Migrate from "foo bar <ref>baz</ref>" to wrapping the entire sentence in the reference claim?

Migrate claims from ad-hoc references to Wikidata claims?

Data-based text document modelEdit

instead of storing a giant text blob:

  '''Such-and-such''' is a [[thing]]<ref>foo</ref>.
  It is located in [[Anytown, USA]]<ref>bar</ref>.
  It is frequented by [[Famous Celebrity]]<ref>baz</ref>.
  It is 4 stories tall.<ref>quux</ref>

store a hierarchy:

  • [doc]
    • [para]
      • [sentence]
        • [text]: '''Such-and-such''' is a [[thing]].
        • [claim]: Q12345 P678
      • [sentence]
        • [text]: It is located in [[Anytown, USA]]
        • [claim]: Q12345 P789
      • [sentence]
        • [text]: It is frequented by [[Famous Celebrity]].
        • [claim]: Q12345 P890
      • [sentence]
        • [text]: It is 4 stories tall.
        • [claim]: Q12345 P901

Notes:

  • we could give persistent ids to individual sentences/claims and version them separately.

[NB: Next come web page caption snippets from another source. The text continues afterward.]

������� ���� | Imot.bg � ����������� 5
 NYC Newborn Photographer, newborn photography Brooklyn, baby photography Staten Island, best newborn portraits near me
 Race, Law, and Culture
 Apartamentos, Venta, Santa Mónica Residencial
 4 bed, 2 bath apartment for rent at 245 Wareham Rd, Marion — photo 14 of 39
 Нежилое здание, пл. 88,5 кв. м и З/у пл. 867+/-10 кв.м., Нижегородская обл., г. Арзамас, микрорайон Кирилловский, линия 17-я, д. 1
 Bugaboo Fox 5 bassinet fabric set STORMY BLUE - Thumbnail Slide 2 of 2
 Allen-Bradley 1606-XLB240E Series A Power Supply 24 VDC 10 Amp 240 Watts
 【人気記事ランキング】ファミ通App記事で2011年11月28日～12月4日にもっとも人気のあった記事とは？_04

Versioning history and authorship could be retained when moving sentences/claims around the article.
  • by mapping the entire sentence to a statement claim in Wikidata, we scope the reference and allow the reference data itself to sit elsewhere.
  • potentially we can attach mappings from claims to links or data as well?
  • aid translation duties by more closely tying together the claims that are identical (++ translation memory!)

Issues to consider:

  • aggregating thousands of individual sentences could be slow. consider performance.
  • how to re-connect history of sentences/claims that lose their claims from bad cut-n-paste?
  • how to make VE keep the data most of the time
  • if we connect sentence contents to the claim, how to maintain that and make it usable?
  • tools to take wikidata info and produce stub pages?